Nothing stands in their way except themselves. Not even the liberal media can be used as an excuse -- if only because Romney and Ryan should be prepared for it and should know how to handle it. Let's look at a few things the Romney-Ryan ticket needs to accomplish in this critical week:

Ditch the Romneytron vibe: Even before the convention, party talking points were leaked, and -- surprise, surprise -- they precisely match the words that have been coming out of Romney's mouth in interviews leading up to the convention. Things like "take-home pay" (a key talking point) are important, but they need to be repackaged a bit and humanized. It shouldn't be difficult to illustrate a talking point with a short story -- a couple of lines that explain why you personally care about something so much. This is real life, not a "West Wing" script from which Romney has to read verbatim.

Counter the "rich guy" narrative: Most people think that the rich were simply born into wealth and can't relate to those who struggle to earn a living. It's a narrative that benefits Obama and his class-warfare focus. Romney should explain where his inherited wealth and opportunities ended and his own efforts began. Many people are convinced that self-made wealth is just a myth to which only naifs subscribe, and that in doing so, they vote against their own self-interest in the faint hope of one day becoming rich themselves. The perception is that Romney landed on a pile of dough in the delivery room. Most people don't know that Romney and his wife, Ann, lived in a cheap basement apartment in Salt Lake City when they were first married. That obviously doesn't fit the Daddy Warbucks narrative, so Romney should explain to voters, in passing, the other ways in which he's like them, and explain precisely how he managed to get rich through his own efforts.

Adapt and apply classic Reagan strategy: President Reagan admitted that he didn't care what adults did in the privacy of their bedroom, and while he was on the side of life, he signed a pro-abortion bill as California governor and legislatively avoided the issue as president. While he didn't actively alienate pro-lifers as president, he didn't do anything substantial to advance their cause, either. A forthright and respectful way of dealing with the issue would be for Romney to state his personal beliefs, whatever they may be, and vow that as president he'll follow Reagan's example in keeping big government out of people's private health matters. Rather than invoking Reagan's legacy gratuitously, as so many tend to do at convention time, this would be a genuine and productive way of doing so.

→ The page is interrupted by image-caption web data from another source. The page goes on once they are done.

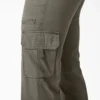 Women’s Relaxed Fit Straight Leg Cargo Pants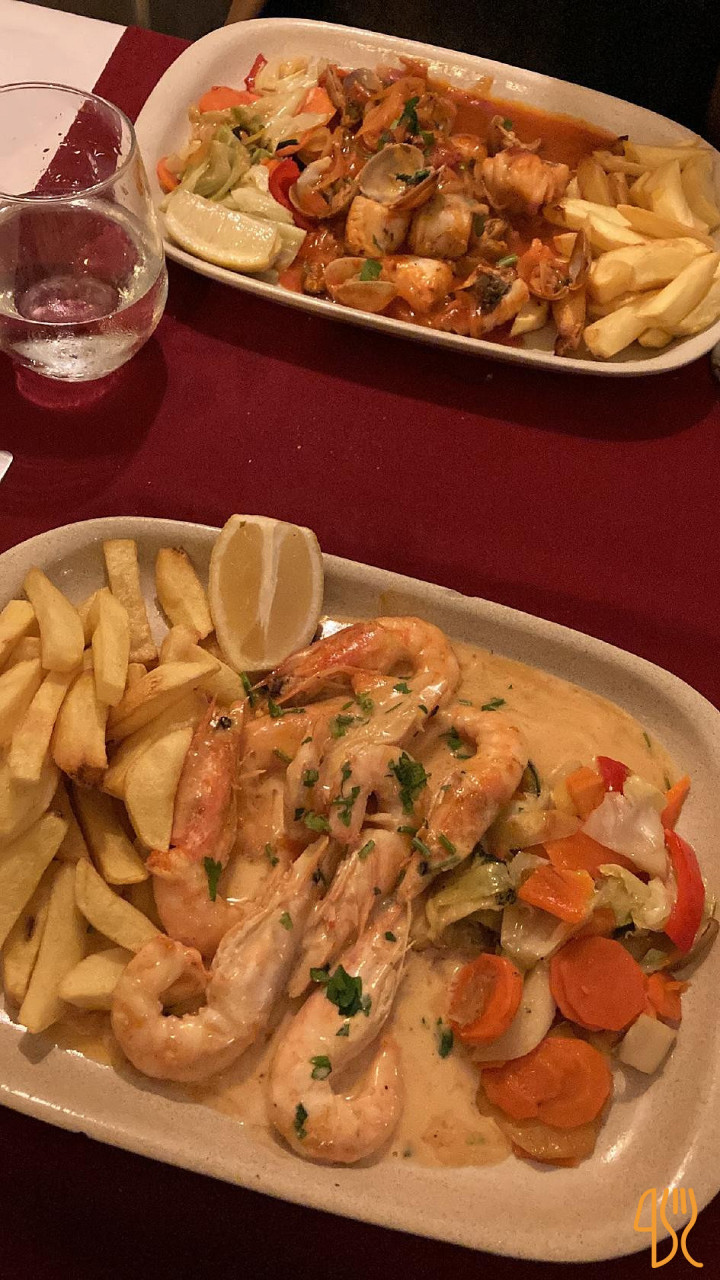 O Tiago Comida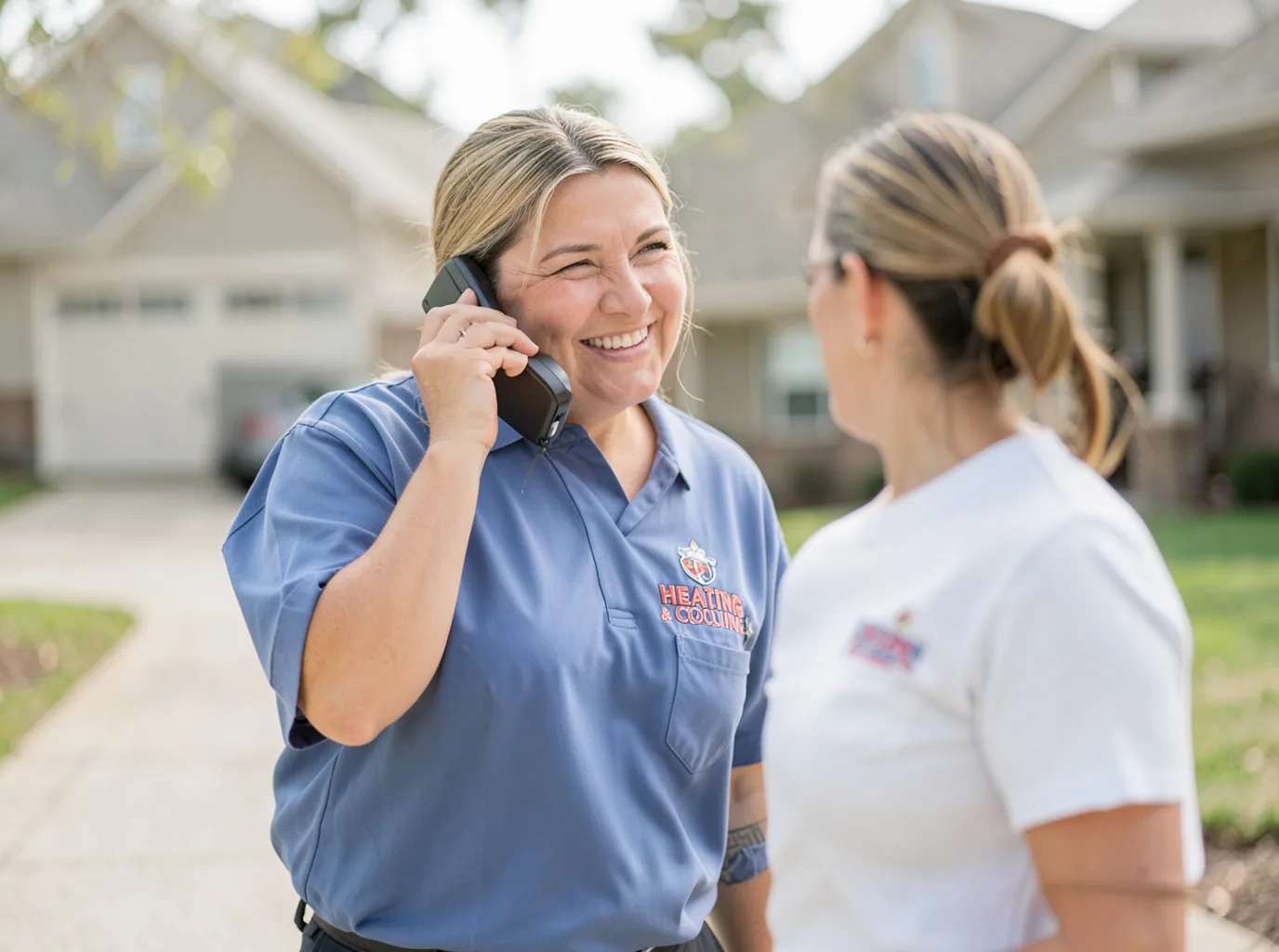 Hvac Repair Ethel, MO FAQs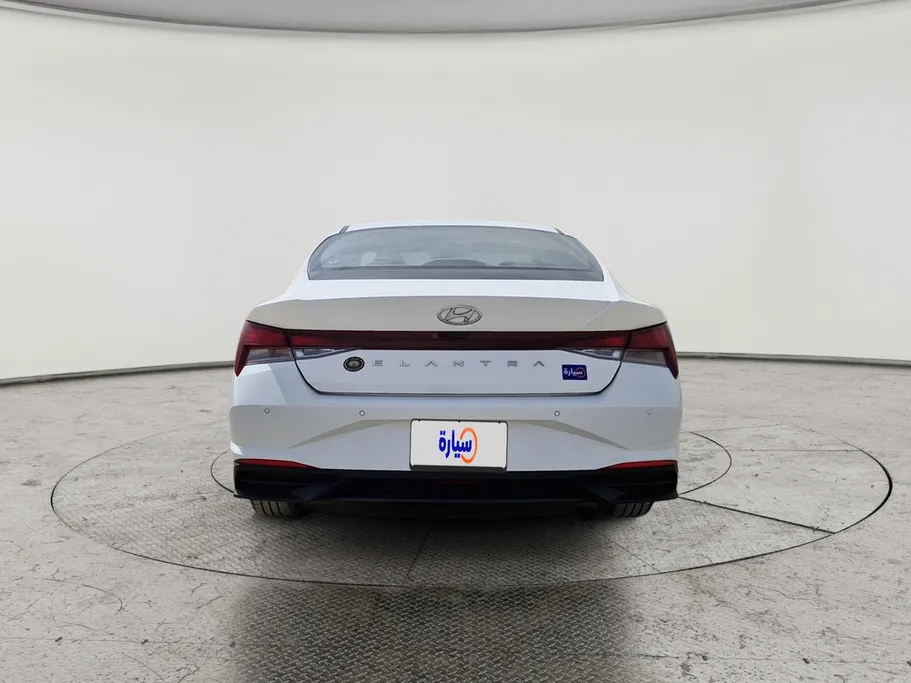 2023 Hyundai Elantra Fleet 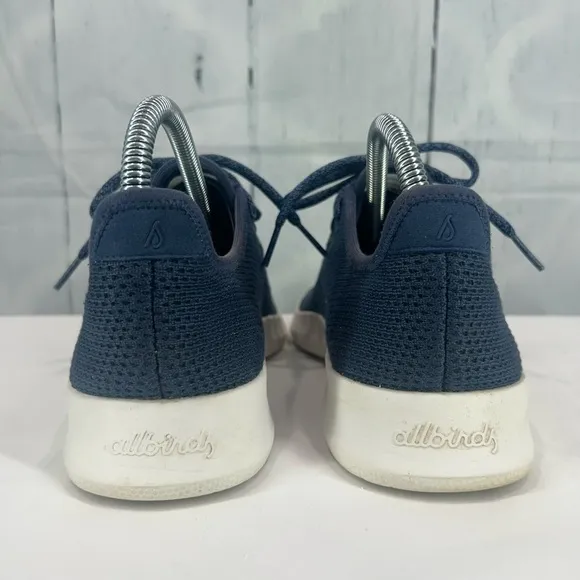 Allbirds Tree Runners Womens Lace Up Classic Sneakers Outdoor Active Shoes Sz 8
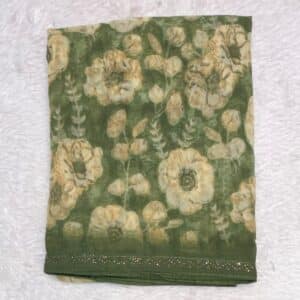 SYNTHETIC SAREE NH120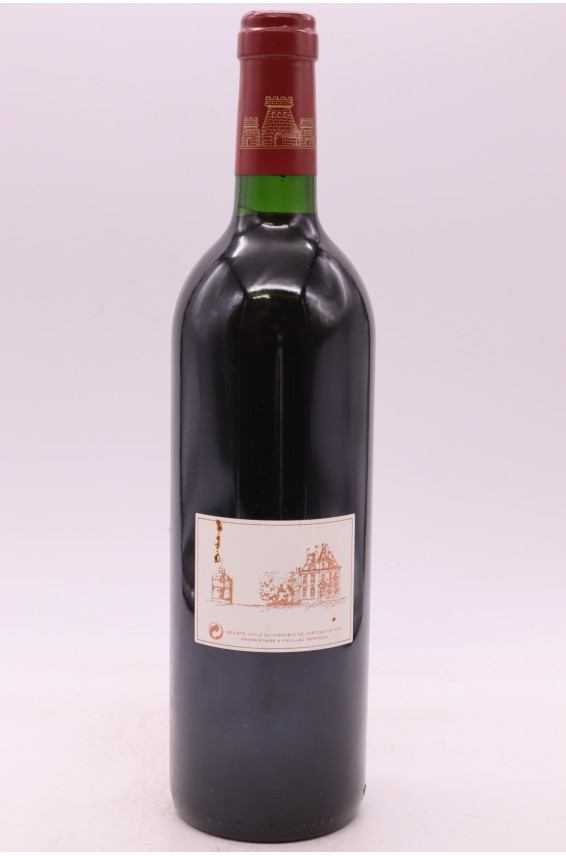 Forts de Latour 1997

Bring women voters aboard: Romney is lagging significantly behind Obama with women voters. The temptation may be to pander to them in attempt to win them over, but this is exactly what Romney must avoid. Starting with a non-interventionist approach to their private health decisions, as suggested above, he could go a step further by pointing out that women and men want the same thing -- for government to leave them alone so they can thrive. It would be less interesting to hear Ann Romney's perspective on her husband than, say, the views of women with whom Romney has partnered in roles that don't involve raising his kids. Hearing how Romney has interacted with women over the years would give women voters a better perspective on whom they'd be electing. George W. Bush had longtime friends and associates Condoleezza Rice and Karen Hughes. Women voters need to hear from the same sort of well-educated, professionally minded women so that they can better understand who Romney is.

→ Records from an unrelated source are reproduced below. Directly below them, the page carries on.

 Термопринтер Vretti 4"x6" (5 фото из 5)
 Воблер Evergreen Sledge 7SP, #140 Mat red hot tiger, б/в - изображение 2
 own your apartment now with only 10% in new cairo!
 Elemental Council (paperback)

Get Paul Ryan off the caffeine and Red Bull: While Paul Ryan's economic perspective is indeed refreshing, listening to him speak is like drinking from a fire hose. He sounds like a perpetually jacked-up male Ayn Rand who just recently escaped a life sentence in the Library of Congress. The age-old question posed to voters is, "Who would you want to have a coffee with?" In this case, voters are apt to say, "Not Paul Ryan," because he's already way too overjacked.